__Directions for this task__. From the line containing "Fototapeta premium Breathtaking" down to the final line of the entries below, quote every line verbatim. Exclude pictures.
───── Data in this exercise ─────
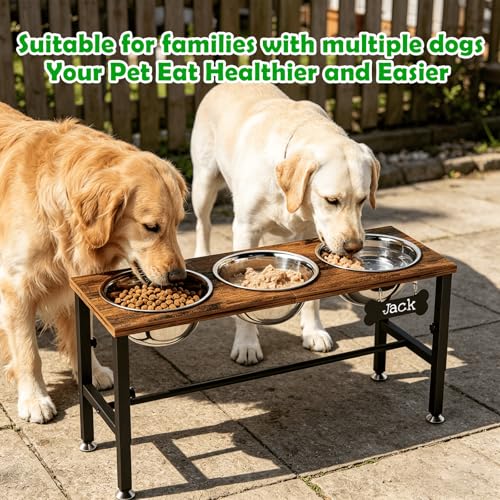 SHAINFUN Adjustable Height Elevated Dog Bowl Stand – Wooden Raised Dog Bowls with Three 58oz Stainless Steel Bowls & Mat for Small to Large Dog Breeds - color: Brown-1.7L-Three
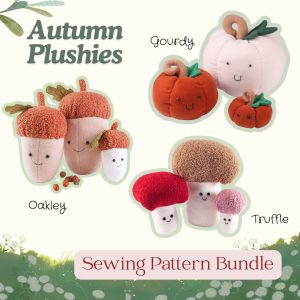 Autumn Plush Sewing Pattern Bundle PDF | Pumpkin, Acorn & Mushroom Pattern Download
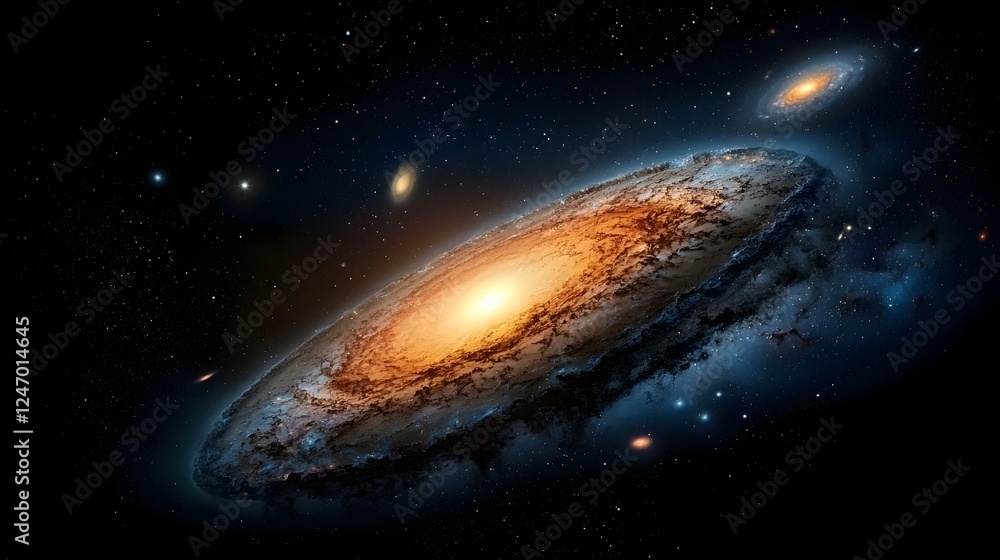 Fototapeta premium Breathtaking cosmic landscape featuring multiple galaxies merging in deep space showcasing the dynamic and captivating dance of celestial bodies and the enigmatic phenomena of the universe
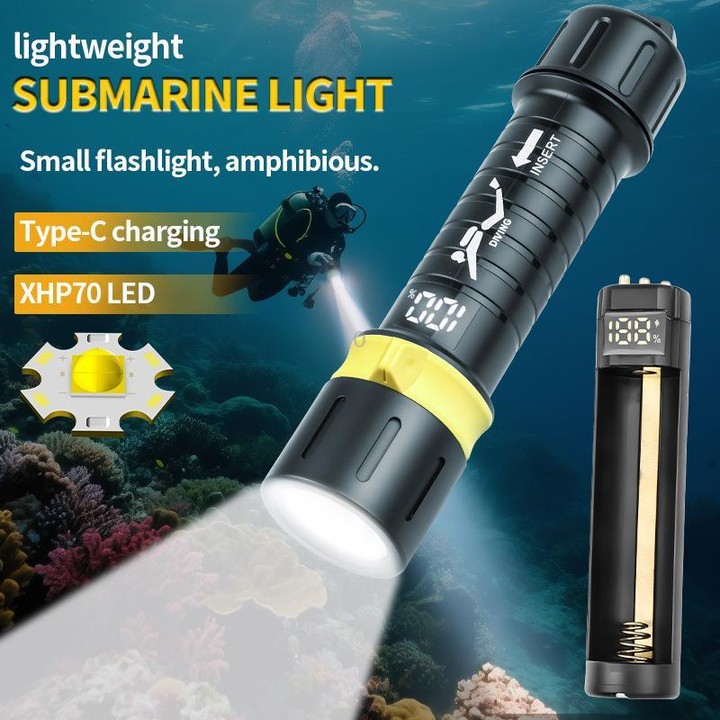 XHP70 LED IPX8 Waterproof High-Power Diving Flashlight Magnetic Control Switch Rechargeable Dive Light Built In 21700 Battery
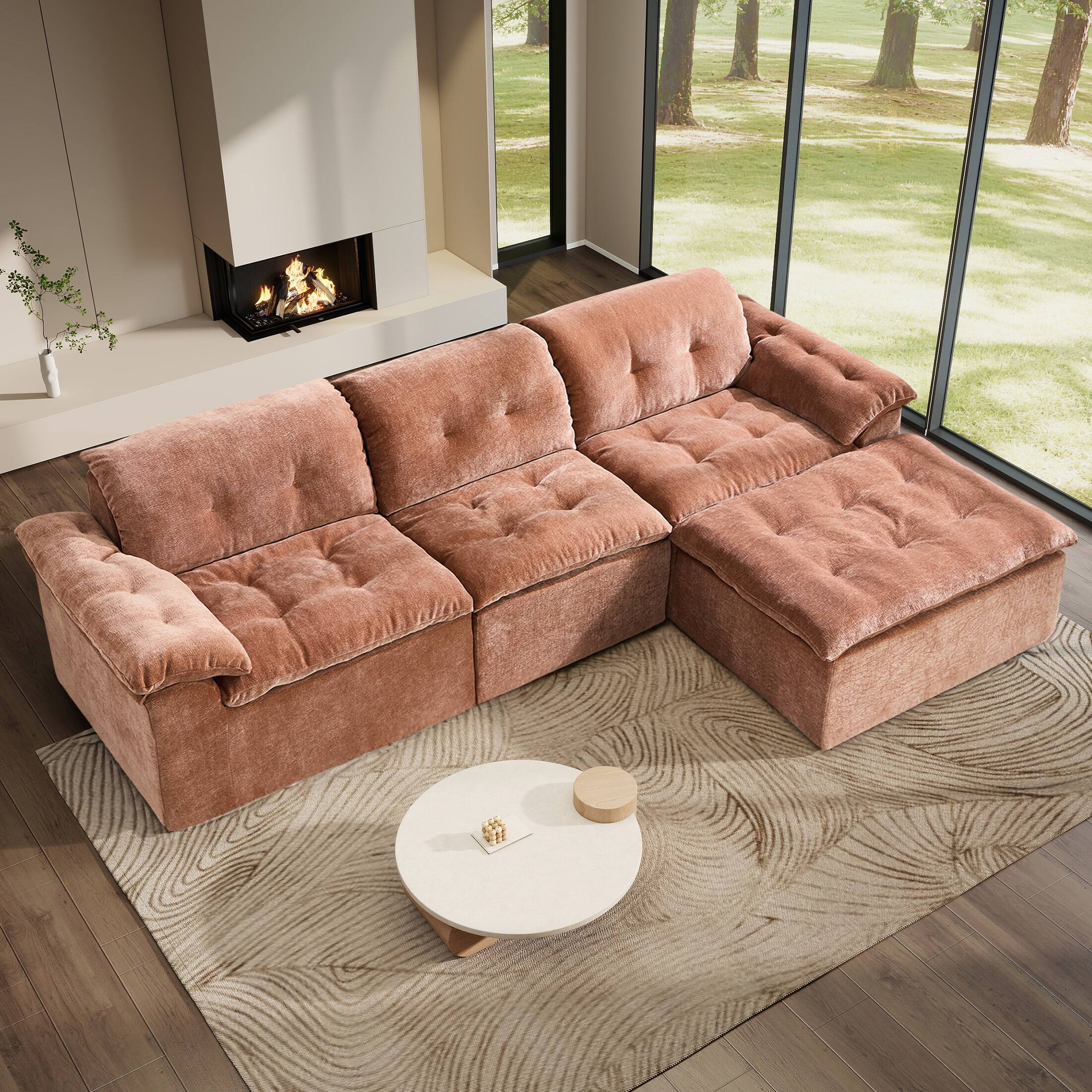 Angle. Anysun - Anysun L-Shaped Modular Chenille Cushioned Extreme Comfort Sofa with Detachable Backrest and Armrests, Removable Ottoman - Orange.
─────
__Your solution__.
 Fototapeta premium Breathtaking cosmic landscape featuring multiple galaxies merging in deep space showcasing the dynamic and captivating dance of celestial bodies and the enigmatic phenomena of the universe
 XHP70 LED IPX8 Waterproof High-Power Diving Flashlight Magnetic Control Switch Rechargeable Dive Light Built In 21700 Battery
 Angle. Anysun - Anysun L-Shaped Modular Chenille Cushioned Extreme Comfort Sofa with Detachable Backrest and Armrests, Removable Ottoman - Orange.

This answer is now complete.